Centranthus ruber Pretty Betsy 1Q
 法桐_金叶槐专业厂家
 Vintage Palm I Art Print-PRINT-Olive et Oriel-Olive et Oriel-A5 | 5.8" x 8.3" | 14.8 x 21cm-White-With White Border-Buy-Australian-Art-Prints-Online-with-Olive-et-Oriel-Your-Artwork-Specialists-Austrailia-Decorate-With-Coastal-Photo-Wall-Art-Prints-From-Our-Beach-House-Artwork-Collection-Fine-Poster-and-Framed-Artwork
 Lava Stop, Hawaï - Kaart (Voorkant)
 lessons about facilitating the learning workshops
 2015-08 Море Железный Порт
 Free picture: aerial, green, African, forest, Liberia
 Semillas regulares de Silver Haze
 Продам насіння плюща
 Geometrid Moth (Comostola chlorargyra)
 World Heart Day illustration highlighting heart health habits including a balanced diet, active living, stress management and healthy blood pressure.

·····

WHAT IS BEING ASKED:
The entries shown above should be duplicated exactly.

ANSWER SECTION:
Centranthus ruber Pretty Betsy 1Q
 法桐_金叶槐专业厂家
 Vintage Palm I Art Print-PRINT-Olive et Oriel-Olive et Oriel-A5 | 5.8" x 8.3" | 14.8 x 21cm-White-With White Border-Buy-Australian-Art-Prints-Online-with-Olive-et-Oriel-Your-Artwork-Specialists-Austrailia-Decorate-With-Coastal-Photo-Wall-Art-Prints-From-Our-Beach-House-Artwork-Collection-Fine-Poster-and-Framed-Artwork
 Lava Stop, Hawaï - Kaart (Voorkant)
 lessons about facilitating the learning workshops
 2015-08 Море Железный Порт
 Free picture: aerial, green, African, forest, Liberia
 Semillas regulares de Silver Haze
 Продам насіння плюща
 Geometrid Moth (Comostola chlorargyra)
 World Heart Day illustration highlighting heart health habits including a balanced diet, active living, stress management and healthy blood pressure.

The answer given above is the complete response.